McPherson & Company, Kingston, New York, 2010

Borrowed from my library.  Winner of the 2010 National Book Award, on the 2012 Orange Prize longlist.

Somewhere near Wheeling, West Virginia, is a race track called Indian Mound Downs.  There horses run in claiming races and owners, trainers, grooms and jockeys try to grab some luck, win a bundle or just get by.  This is the world of cheap horse racing, violent and often ruthless.  Lord of Misrule follows several characters, and four horses, through a season.

These characters bring their dreams and their histories to the track.  There is Medicine Ed, 72 years old, a groom all his life, with an eye for horses and people and a hidden knowledge of “medicine”.  Tommy Hansel, a man with a plan.   Get in, make a bundle and get out quick.  And Maggie Koderer, Tommy’s girl, working as a groom, wondering how she’s ended up here, where she’s going and falling for horses in a way you know will break her heart.

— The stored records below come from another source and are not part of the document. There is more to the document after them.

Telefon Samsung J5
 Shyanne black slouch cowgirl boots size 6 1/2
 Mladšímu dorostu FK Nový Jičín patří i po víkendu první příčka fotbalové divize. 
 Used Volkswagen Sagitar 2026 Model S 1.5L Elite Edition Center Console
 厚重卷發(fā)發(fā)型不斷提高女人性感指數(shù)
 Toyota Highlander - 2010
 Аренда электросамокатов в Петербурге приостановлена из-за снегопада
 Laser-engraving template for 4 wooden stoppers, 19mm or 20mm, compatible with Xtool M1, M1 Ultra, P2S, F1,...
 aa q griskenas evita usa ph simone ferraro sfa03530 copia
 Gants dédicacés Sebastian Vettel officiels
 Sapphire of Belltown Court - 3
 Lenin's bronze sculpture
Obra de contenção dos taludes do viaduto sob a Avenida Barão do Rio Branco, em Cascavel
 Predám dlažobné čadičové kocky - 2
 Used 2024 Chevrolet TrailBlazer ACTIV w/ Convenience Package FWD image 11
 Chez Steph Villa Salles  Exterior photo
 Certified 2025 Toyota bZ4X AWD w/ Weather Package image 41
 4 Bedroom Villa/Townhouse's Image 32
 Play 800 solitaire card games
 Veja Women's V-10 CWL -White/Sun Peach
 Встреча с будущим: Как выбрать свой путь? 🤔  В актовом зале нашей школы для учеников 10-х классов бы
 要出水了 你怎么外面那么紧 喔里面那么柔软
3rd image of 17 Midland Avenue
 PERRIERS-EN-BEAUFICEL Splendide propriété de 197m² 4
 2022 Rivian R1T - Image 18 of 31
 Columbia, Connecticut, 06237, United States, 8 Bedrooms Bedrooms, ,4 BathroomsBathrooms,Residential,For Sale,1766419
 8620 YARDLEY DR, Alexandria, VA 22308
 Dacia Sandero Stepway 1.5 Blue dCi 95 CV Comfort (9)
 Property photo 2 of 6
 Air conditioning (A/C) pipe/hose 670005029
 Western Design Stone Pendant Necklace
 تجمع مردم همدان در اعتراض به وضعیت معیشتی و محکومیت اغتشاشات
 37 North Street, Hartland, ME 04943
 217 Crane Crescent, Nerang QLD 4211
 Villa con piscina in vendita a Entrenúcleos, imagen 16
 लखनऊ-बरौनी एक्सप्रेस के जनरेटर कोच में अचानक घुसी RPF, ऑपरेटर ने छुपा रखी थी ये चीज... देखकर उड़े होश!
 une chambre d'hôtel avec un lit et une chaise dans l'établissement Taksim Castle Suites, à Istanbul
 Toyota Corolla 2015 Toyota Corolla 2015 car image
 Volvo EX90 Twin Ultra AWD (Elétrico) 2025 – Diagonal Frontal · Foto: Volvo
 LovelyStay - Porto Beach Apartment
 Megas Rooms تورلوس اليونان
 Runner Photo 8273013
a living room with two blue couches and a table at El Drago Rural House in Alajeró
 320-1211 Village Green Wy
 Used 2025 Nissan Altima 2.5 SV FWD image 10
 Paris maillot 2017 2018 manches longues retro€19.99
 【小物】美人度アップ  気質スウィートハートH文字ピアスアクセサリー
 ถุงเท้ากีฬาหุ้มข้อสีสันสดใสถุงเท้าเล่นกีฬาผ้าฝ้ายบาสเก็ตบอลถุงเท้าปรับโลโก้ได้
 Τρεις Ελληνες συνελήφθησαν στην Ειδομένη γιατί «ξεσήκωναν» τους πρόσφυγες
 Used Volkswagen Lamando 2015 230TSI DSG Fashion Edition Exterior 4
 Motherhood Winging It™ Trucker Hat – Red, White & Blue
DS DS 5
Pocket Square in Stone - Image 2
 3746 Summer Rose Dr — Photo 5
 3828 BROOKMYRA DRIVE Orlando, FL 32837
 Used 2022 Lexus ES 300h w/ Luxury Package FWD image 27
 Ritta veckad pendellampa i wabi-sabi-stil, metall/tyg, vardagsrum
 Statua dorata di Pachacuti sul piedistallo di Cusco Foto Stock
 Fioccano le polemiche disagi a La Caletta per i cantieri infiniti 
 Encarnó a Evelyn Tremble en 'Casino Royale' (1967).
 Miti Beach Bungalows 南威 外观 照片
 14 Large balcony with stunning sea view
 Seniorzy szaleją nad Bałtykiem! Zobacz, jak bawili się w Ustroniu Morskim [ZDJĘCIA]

Her hands felt their way blindly along the ridges and defiles of the spine, the firm root-spread hillocks of the withers.  She rolled her bony knuckles all along the fallen tree of scar tissue at the crest of the back, prying up its branches, loosening its teeth.  And it must be having some effect: when she walked Pelter these days he wasn’t the sour fellow he used to be, he was sportive, even funny.  She walked him this morning until the rising sun snagged in the hackberry thicket…  From Page 25.

Gordon knows these characters, knows these horses, knows this ugly side of the sport of kings.  I  sense that she chose her words very carefully, building a sense of rhythm, sometimes trotting, sometimes galloping.   The men think like animals, the horses act like men and often there is violence and decay buried in them.  This is a dark novel, full of menace and poetry.  I enjoyed it.

Not to long ago I read a startling article about horse racing in the New York Times.  Lord of Misrule reinforces its sad truth.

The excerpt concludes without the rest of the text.